Margaret Carne threw back her head haughtily. "What do you mean, Ronald, by speaking in that tone; are you out of your mind?"

"Not more than the family in general," he replied, grimly; "but you have not answered my question."

"I have not asked Lieutenant Gulston what he comes here for," she said, coldly; "and, besides, I do not recognise your right to ask me such a question."

"Not recognise my right?" he repeated, passionately. "I should have thought that a man had every right to ask such a question of the woman he is going to marry."

"Going to marry?" she repeated, scornfully. "At any rate this is the first I have heard of it."

"It has always been a settled thing," he said, "and you know it as well as I do. You promised me ten years ago that you would be my wife some day."

"Ten years ago I was a child. Ronald, how can you talk like this! You know we have always been as brother and sister together. I have never thought of anything else of late. You have been home four or five months, anyhow, and you have had plenty of time to speak if you wanted to. You never said a word to lead me to believe that you thought of me in any other way than as a cousin."

"I thought we understood each other, Margaret."

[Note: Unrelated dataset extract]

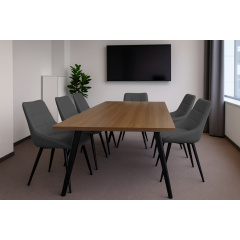 Комплект обідніх стільців Мілано М-75 (6 шт.), шкірзам Сірий/чорний, для кухні, їдальні, кафе, 890×510×605 мм Кропивницький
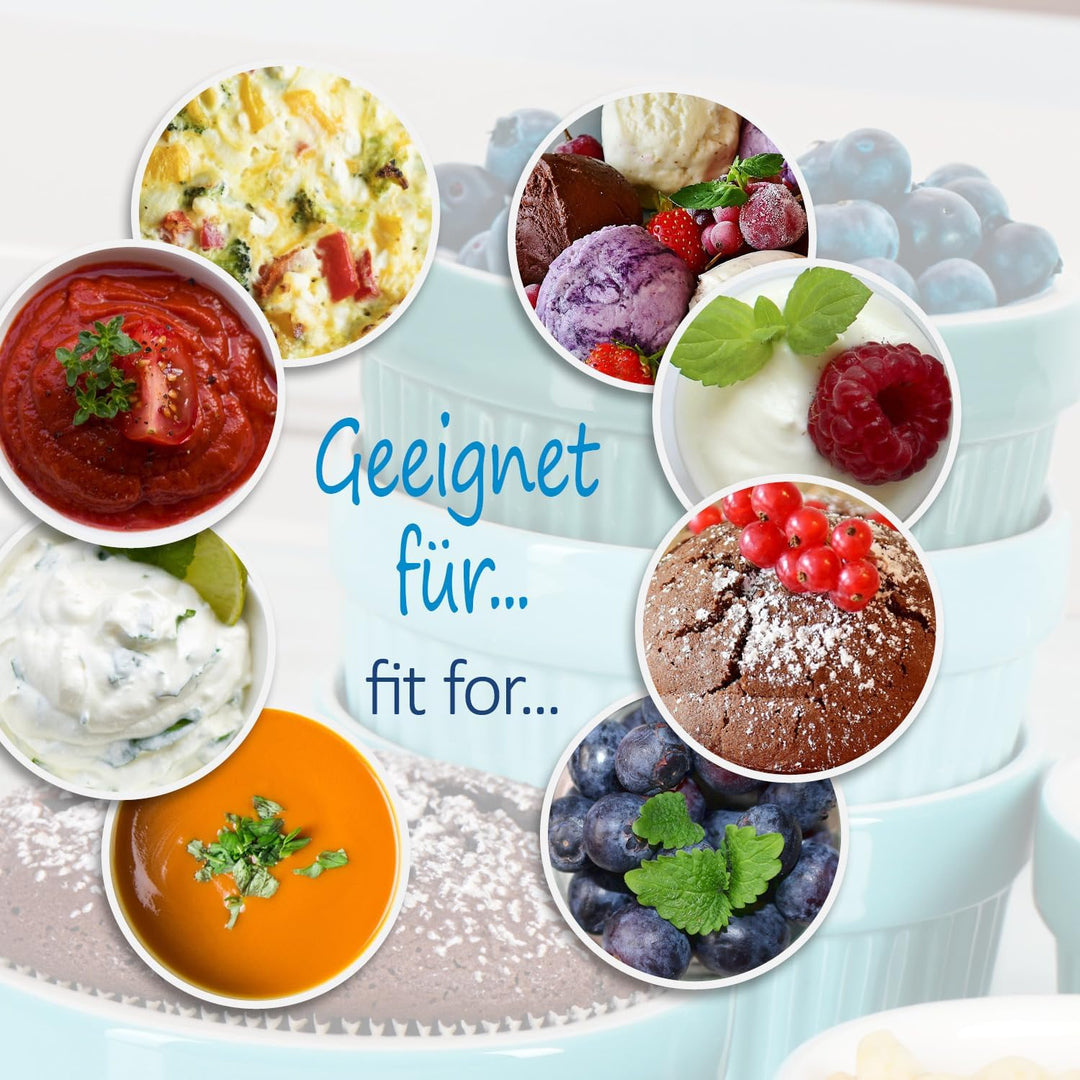 COM-FOUR® 6x Soufflé Förmchen - Creme Brulee Schälchen aus Keramik - Ofenfeste Förmchen - Dessertsch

"I thought so too," the girl replied, "but not in the same way. Oh, Ronald, don't say this; we have always been such friends, and perhaps years ago I might have thought it would be something more; but since then I have grown up and grown wiser, and even if I had loved you in the way you speak of, I would not have married you, because I am sure it would be bad for us both. We have both that terrible curse in our blood, and if there was not another man in the world I would not marry you."

"I don't believe you would have said so a month ago," Ronald Mervyn said, looking darkly at her. "This Gulston has come between us, that's what it is, and you cannot deny it."